Daha az stresli durumlarda veya daha kaynaklı bir durumda, 'Yeterince yetenekliyim' gibi başka, olumlu bir inanç da aktif hale gelebilir.
Daha fazla içerik için uygulamada
Sadece içeriğin bir kısmını görüyorsunuz, uygulamada çok daha fazla interaktif makale bulacaksınız. Ayrıca, psikolojik metinler, durum takibi, günlük ve otomatik düşünce günlüğü gibi birçok özellik mevcut!
Dolayısıyla, 'Tüm inançlar zararlıdır mı?' sorusunun cevabı hayır, hepsi değil.
İrrasyonel inançların olumlu etkisi konusunda durum biraz daha karmaşık; gelin anlamaya çalışalım.
Bazıları, her şeyin bu kadar kötü olmadığını ve irrasyonel inançların hayatta yardımcı olabileceğini düşünebilir, ama bu daha çok bir yanılsama.
Tam bir resim için örnekler verelim. Düşünce seviyeleri hakkında daha önce konuşmuştuk: düşünceler, ara inançlar ve derin inançlar.
Diyelim ki, John adında bir genç adamın derin inancı 'Ben hiçbir şey yapamam' ve ara inancı 'Her zaman başarılı olmalıyım'.
Bir yandan, bu inançta kötü bir şey yok gibi görünebilir. Sonuçta, John'un başarılı olmak istemesi güzel. İlk bakışta, bu sadece bir arzu veya hedef olduğu sürece, katı bir kural değilse kötü bir şey yok.
Bunu, ona yardımcı olabileceğini bile düşünebilirsiniz; çünkü bu inanç sayesinde çok çalışacak, belirli başarılar elde edecek ve daha motive, hedef odaklı olacak.
Çalışma, onun için çok önemli hale geliyor ve bu durumun sadece olumlu sonuçlar doğuracağını düşünüyorsunuz.
Ama gelin derinlemesine inceleyelim.
Eğer bu gerçekten bir ara inanç ise, sadece bir arzu değilse, muhtemelen yıkıcı olacaktır. Çünkü bu, onun derin inancında kök salmış durumdadır. Bu durumda, çalışma, John için bir başa çıkma stratejisi haline geliyor (Başka başa çıkma stratejileri hakkında sonraki bölümlerde konuşacağız).

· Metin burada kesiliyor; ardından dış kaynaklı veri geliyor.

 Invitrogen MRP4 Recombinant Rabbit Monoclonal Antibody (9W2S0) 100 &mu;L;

Bir kişi yalnızca işini sevebilir veya nefret edebilir, sonuçlarını görmelidir. İşkolikler, iş için var olmadıklarını unutur.
Lev Tolstoy
Kısacası, başa çıkma stratejisi, stresle bir tepki olarak düşünceler, duygular veya davranışlar aracılığıyla ortaya çıkar.

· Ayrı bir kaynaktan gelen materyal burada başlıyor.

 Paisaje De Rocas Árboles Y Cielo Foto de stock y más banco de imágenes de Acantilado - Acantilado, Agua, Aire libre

Basitçe ifade etmek gerekirse, John başarılı olmaya çalışıyor (bu onun ara inancı) ki böylece 'ben yetersizim' hissini yaşamaktan kaçınsın (bu da onun derin inancı). İşe olan odaklanması, bu şekilde kendini böyle hissetmekten kaçınma yoludur.
Bu yıkıcıdır çünkü eğer John'un işinde sorunlar çıkarsa, kariyerinde başarısız olursa ya da işten atılırsa, bu derin inancı ile yüzleşmek zorunda kalır ve bu durum onun için bir kıyamet gibi olabilir.
Bu, onun durumunun kötüleşmesine, apatiye, yıkıcı davranışlara ve hatta depresyona yol açabilir.
Artık sonuçlar pek de güzel görünmüyor, değil mi?
Demek oluyor ki, 'Her zaman başarılı olmalıyım' inancı, faydalı olmaktan çok daha zararlıdır. Hiç kimse başarısızlık ve hatalardan muaf değildir. Bu inançla, her hata onun derin inancını pekiştirecek ve bu da onun kendine olan inancını daha da güçlendirecektir.
Önemli olan, herhangi bir inancın sadece değiştirilebilecek bir fikir olduğudur. Bunu daha faydalı hale getirerek yaşam kalitesini önemli ölçüde artırabilirsiniz ve bu süreçte Bilişsel Davranışçı Terapi yardımcı olmaktadır.